La primera criptomoneda se cotiza por debajo del precio medio de mercado y del costo de las monedas de los tenedores a corto plazo desde hace cinco meses. Este es uno de los períodos más prolongados de "infravaloración profunda" del activo en la historia. Actualmente, el precio de bitcoin se encuentra en una zona donde los inversores a largo plazo están registrando pérdidas activamente: representan el 43% del volumen total realizado en la red, y las pérdidas diarias de esta categoría de participantes alcanzan aproximadamente $280 millones, un máximo desde diciembre de 2022. Esta dinámica se clasifica como capitulación, que, según mi experiencia, a menudo precede a la formación de un suelo de precios.
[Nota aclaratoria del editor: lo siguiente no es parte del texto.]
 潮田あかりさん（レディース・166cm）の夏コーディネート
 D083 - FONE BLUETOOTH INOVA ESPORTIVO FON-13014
Paralelamente, continúa la salida de fondos de los ETF spot de bitcoin estadounidenses. El 8 de julio, la retirada neta fue de $84,86 millones. Los volúmenes de negociación en el sector cayeron un 80% en comparación con los valores máximos del otoño del año pasado. Sin embargo, en el segmento de los ETF de Ethereum se observa una entrada de capital por quinto día consecutivo, lo que indica un cambio en el interés de los inversores.

Los expertos señalan que al mercado le falta un "colchón monetario". La debilidad del mercado laboral en EE. UU. y la alta inflación limitan las posibilidades de la Reserva Federal para suavizar su política. Las condiciones para un cambio de tendencia ya se han formado a nivel de datos de blockchain y derivados, pero para confirmar el crecimiento, bitcoin necesita consolidarse por encima del nivel de $76,600, y las ventas por parte de los grandes actores deben reducirse.

El 7 de julio, los analistas señalaron el riesgo de que la primera criptomoneda cayera por debajo de los $58,000. El 8 de julio, el precio del oro digital cayó a ~$61,700 en medio de la escalada de tensiones geopolíticas entre EE. UU. e Irán.

Mi comentario: La situación recuerda al ciclo clásico de "capitulación — acumulación — reversión". Sin embargo, para una entrada segura en posiciones largas, es necesario esperar la confirmación de la ruptura de niveles clave y la reducción de la presión por parte de los hodlers. Mientras el mercado permanezca en un estado de incertidumbre, la geopolítica y los datos macroeconómicos jugarán un papel decisivo.